資金調達は基本的に、事業を拡大させたり軌道に乗せたりするタイミングで行うことが大切です。また、市場が拡大している時にも資金調達を検討してみることが大事だと言えます。
ビジネスパートナーと信頼関係を築けるか
資金調達をスムーズに行うためには、ビジネスパートナーとの良好な信頼関係を長期にわたって築いていくことが大切です。例えば、週次で財務状況の報告を行ったり、月1回程度は近況を伝えたりする関係になっておくことで、資金調達が必要な時に相談しやすくなるでしょう。
資金調達を行う際の注意点
資金調達を行う時は、事前に見直しておきたいポイントがあります。スムーズに資金調達を進めるための注意点を解説します。
キャッシュフローの見直しを行う
返済が必要なデットファイナンスを行った場合には、利息の負担や毎月の返済に支障がないかといった点を十分にチェックしておく必要があります。年間の資金需要を確認した上で、資金繰りが厳しくなってしまわないように、キャッシュフローを見直すことが大切です。
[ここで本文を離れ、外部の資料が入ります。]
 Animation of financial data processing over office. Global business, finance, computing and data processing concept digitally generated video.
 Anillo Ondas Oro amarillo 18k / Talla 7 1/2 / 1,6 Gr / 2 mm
キャッシュフローを確認するには、資金繰り表を作成して定期的にチェックし、資金の流れを予測することが重要だと言えます。
借入資金の返済計画を立てておく
金融機関が融資を行う時は、企業の将来性や返済に支障がないかといった点をチェックします。そのため、融資を受けた後の業績予測等に問題がないかを確認しておきましょう。
調達した資金で事業を成長させるのは基本ですが、取引先に偏りがあったり、リスクがあったりしないかを確認しておくことが大事です。当初の予測よりも業績が悪化した場合のことも想定して、返済計画を立ててみましょう。
株式の希薄化への対処法を立てておく
エクイティファイナンスによって新たな株式を発行した場合、既存株主の所有割合が減少することを念頭に置いておく必要があります。経営権が希薄化すれば、安定的な経営に支障が出てしまうからです。
資金の調達方法やタイミングに問題がないかを検討した上で、ファイナンス戦略を捉えていくことが大切です。また、新たに株式を発行する際は、株主と事前にコミュニケーションを緊密に取っておくことも心がけましょう。
まとめ
企業が安定的な経営を行い、事業を成長させていくには資金面での戦略をきちんと立てておくことが大切です。資金調達方法はさまざまなものがあるので、資金の用途やタイミング等を精査し、ベストな選択を行っていく必要があります。
いざ資金が必要な時に動こうとしても、準備に十分な時間が掛けられずに、思うように資金調達が進まない場合があります。日ごろからキャッシュフローをよく確認して、金融機関や出資者等と緊密なコミュニケーションを取っておきましょう。